Relational DBs on Key-Value Stores
Over the last several years, we’ve seen the rise of fast, ordered, transactional key-value stores such as leveldb
, rocksdb
, and lmdb
. These are all very cool projects in their own rights, but perhaps even more notable are the projects built on top of them, such as MyRocks, SQLite4, CockroachDB, and Google’s F1.
To better understand how these work, I’ve been hacking together a basic relational database on a key-value store named voodoo. Interestingly, many of the concepts are applicable to everyday usage of a normal SQL database, especially in understanding query plans and indexes.
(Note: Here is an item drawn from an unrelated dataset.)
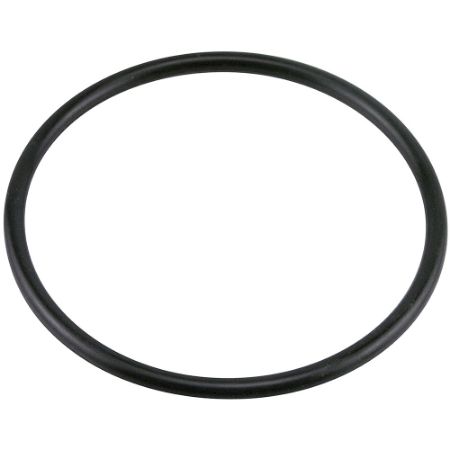 Picture for category Baldwin - Fuel Filter Parts and Accessories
Starting from the Beginning #
A relational database is centered around the concept of a table
, which is comprised of rows
and columns
. Notably, all tables have a column labeled as a primary key
, which is used to uniquely identify each row. In the example users
table below, id
is the primary key
.
id | username | |
---|---|---|
1 | ian | root@example.com |
2 | alice | alice@security.com |
3 | eve | eve@pwned.com |
If we had a key value store that implemented the interface:
type KV interface {
Get(key []byte) []byte
Set(key []byte, val []byte)
}
we could map each row of the above table onto it by setting keys for each primary key, making sure to include the table name:
'users/1' => 'username: ian, email: root@example.com'
'users/2' => 'username: alice, email: alice@security.com'
'users/3' => 'username: eve, email: eve@pwned.com'
And in doing so, could set and retrieve rows of our users
table by primary key.
Indexes #
What would we do if we wanted to look up users
where email = alice@security.com
? We have no way to see what keys exist if we just have the above interface. Luckily, all of the aforementioned key-value stores implement an interface that looks more like:
type KV interface {
Get(key []byte) []byte
Set(key []byte, val []byte
Walk(prefix []byte) Iterator
}
type Iterator interface {
// get the value at the iterator location
Val() []byte
// get the current key
Key() []byte
// move to the next key
Next() bool
}
which allows us to traverse the keyspace by prefix. So with some code like:
iterator := kv.Walk([]byte("users/"))
for iterator.Next() {
if hasEmail(iterator.Val(), "alice@security.com") {
return iterator.Val()
}
}
We could find the key associated with email: alice@security.com
by iterating through all of the keys until we find a matching row (or all matching rows if the column isn’t marked unique). This is known in RDBMS terminology as sequential scan, something you may have seen in the output of a SQL EXPLAIN
before (probably marked Seq Scan
). Unfortunately, while this strategy will work, it’s not particularly fast. To make this query fast we’ll need what’s known as a secondary index
, a mapping of all emails to the keys in which they belong, akin to the SQL CREATE UNIQUE INDEX users_email_idx ON users(email);
. This is fairly straightforward, changing our keyspace to look like:
'users/1' => 'username: ian, email: root@example.com'
'users/2' => 'username: alice, email: alice@security.com'
'users/3' => 'username: eve, email: eve@pwned.com'
'users_email_idx/root@example.com' => 'users/1'
'users_email_idx/alice@security.com' => 'users/2'
'users_email_idx/eve@pwned.com' => 'users/3'
With this change implemented, our pseudo-go-code to look up alice@security.com
becomes:
primaryKey := kv.Get([]byte("users_email_idx/alice@security.com"))
row := kv.Get(primaryKey)
As one might imagine, this indexing does not come for free, as it both takes up more space on disk, and means we have to insert two keys for every one row we want to write in a table.
The same concept we used to create a single-column secondary index applies to the creation of composite indexes - mapping the SQL CREATE UNIQUE INDEX users_username_email_idx ON users(username, email)
to keys like 'users_username_email_idx/eve/eve@pwned.com' => 'users/3'
.
Wrapup #
The above techniques allow a relatively powerful mapping of a simple relational database onto a key-value store, while not holding us back as we pave the way for more complex features (JOIN
operations, “real” SQL
parsing, executing, and planning, etc.).